What is everyone using for performance profiling on linux? i used to just open up my mac and and build the macOS target of my application, and use Instruments.

pros: detailed results and visualizations, (for libraries) it forces me to target and test on macOS, where the majority of Swift users live

cons: not very accurate for server applications. it’s also not a very efficient workflow…

what are some good ways to profile performance on linux?

2 Likes

On Linux, perf is good, and you can use Flamegraphs to visualise the data. There's an extremely well-hidden swift-server guide with some examples:

2 Likes

yep! in the 25 minutes since i made this thread, i found perf by rummaging through the code in this slideshow (about 75% through). those SSWG guides just don’t show up in search…

There's also this guide (also from the SSWG) explaining what perf can do and how to set it up.

And yeah, it's incredibly well hidden. You go to swift.org, scroll the sidebar all the way to the bottom to get "Swift on Server", then scroll that page all the way to the bottom to find links to the guides (like "Setup and code editing", "Building", "Testing", "Deployment", etc - the kind of thing you'd expect to be a little easier to find).

The website badly needs an overhaul.

2 Likes

i copied and pasted the first 32 words of that perf guide into google and it does not appear…

2 Likes

You might want to check out lttng.org as an option - have had good experience with it for low overhead profiling but haven’t yet looked at integration with swift.

1 Like

okay, so i got perf and the flame graphs working, but, as it turns out, the swift compiler (on -c release) inlines so aggressively that the call stack is almost never more than 2 or 3 stack frames deep. so i just get one slab named after the module, and a bunch of general symbols like swift_retain and some opaque standard library APIs layered on top of it. it’s not very useful for determining exactly where all the time is being spent. any tips on getting a more useful breakdown?

1 Like

In my experience, perf record does not seem to use all available debug
information to generate a call stack. You may have better luck using
--call-graph dwarf than using the defaults.

I don't know whether or no the Swift compiler defaults to emitting DWARF
debug information in the most current and comprehensive form. If it
does not, then you may get better call stacks by forcing later/greater
DWARF info. Maybe swiftc has an equivalent to gcc's -gdwarf-4 option;
I have not been able to find it.

Dave

1 Like

Yup, that's also covered in the perf guides linked above.

Additionally, you may want to use

perf record \
    -m 50000 \
    --call-graph dwarf,16384 \
    <your regular options>

The -m 50000 sets perf's buffer size to 50k pages and the ,16386 sets the max of each stack shot to 16k. The reason that increasing perf's buffer size makes sense is because with up to 16k per stack shot, the default buffer size is easily exhausted...

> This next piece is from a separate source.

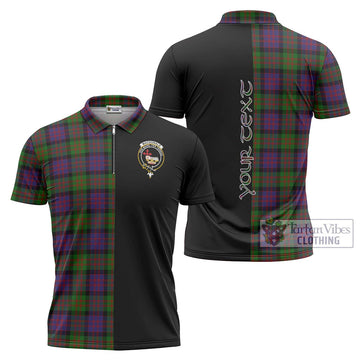 MacDonald (McDonald) Tartan Zipper Polo Shirt with Family Crest and Half Of Me Style Unisex - Tartanvibesclothing Shop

If you ask yourself how to find "the best" values of -m and --call-graph dwarf,X:

  • if you see [[unknown]] frames, increase the number X in --call-graph dwarf,X
  • if you see Warning: Processed ... events and lost ... chunks! then increase the number after -m (or reduce sampling frequency (-F))

I'd generally recommend to start low-ish, maybe --call-graph 2048 and -m 10000 and only raise them if you need the information. I added a few more tricks like that to the allocation flame graphs doc.

8 Likes

the dwarf-based graphs are much more useful, thanks!